The house was originally a one-story structure, built by Captain John Underhill in 1668 and added onto throughout the centuries. It was a private boys’ school in the 1840’s and later belonged to antiques collector and dealer Jane Robinson, known for her stone house on East Sixty-First Street in Manhattan, which is now the Abigail Adams Smith Museum.
But it was only until the 40’s when the house, nearing demolition, was acquired by Edith Hay Wyckoff and earned the moniker ‘Hay Fever.’
Bilhuber kept the house’s venerable past in mind – he had every tile and floorboard carefully removed so the infrastructure could be restored. For appropriate paint colors and trim of the period, Bilhuber did some leg work, consulting with curators.

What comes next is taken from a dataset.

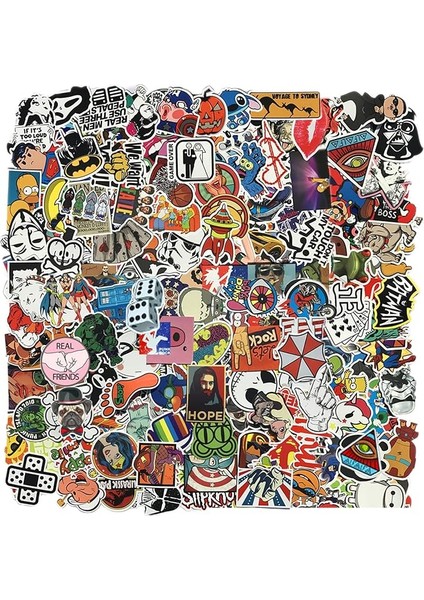 Sticker Paket 300 Parça Bisiklet Araba Çıkartması Seti Su Geçirmez Vinil Grafiti Çıkartması Araba Motosiklet Bisiklet Kaykay Bagaj Dizüstü Bilgisayar Çıkartması MacBook iPad Yetişkin Genç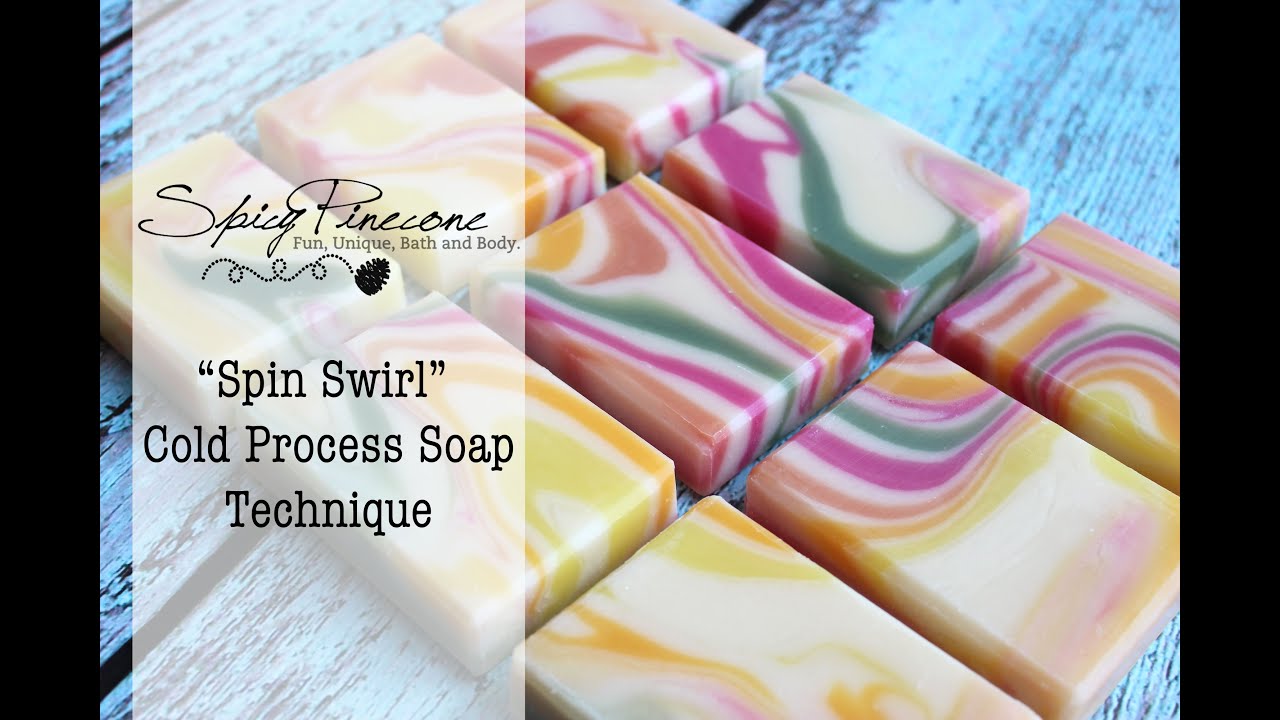 Spin Swirl - Cold Process Soap Technique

The mansion has old English charm with tufted chairs in the living room in a shocking Prussian blue and purple hue, or charcoal gingham chairs in the playroom. In the bedrooms upstairs, Bilhuber mixes large florals, enlivened by wicker furniture and indoor fauna. Even the wallpaper in many of the rooms were a take on old classics – a lemon lime ‘Cadiz’ print and a red ‘Climbing Hydrangea.’
Perhaps the most breathtaking arrangement can be found in the Empire master bedroom, where incredible bolts of crimson linen create the illusion of a four-poster bed.
Amidst Bilhuber’s clever mix of old and new, the decorator is sure to include family heirlooms and precious keepsakes. A framed set of christening robes from his father and uncle hang above a pillow on printed with the British flag sitting on a sofa in the living room. Not far is a portrait of Johann Christoph on the wall, the decorator’s great-great-great-great-great- great-grandfather.
“I thought about all my ancestors when I thought about this house,” he told Vogue. “We all bring these memories that stay with us forever.”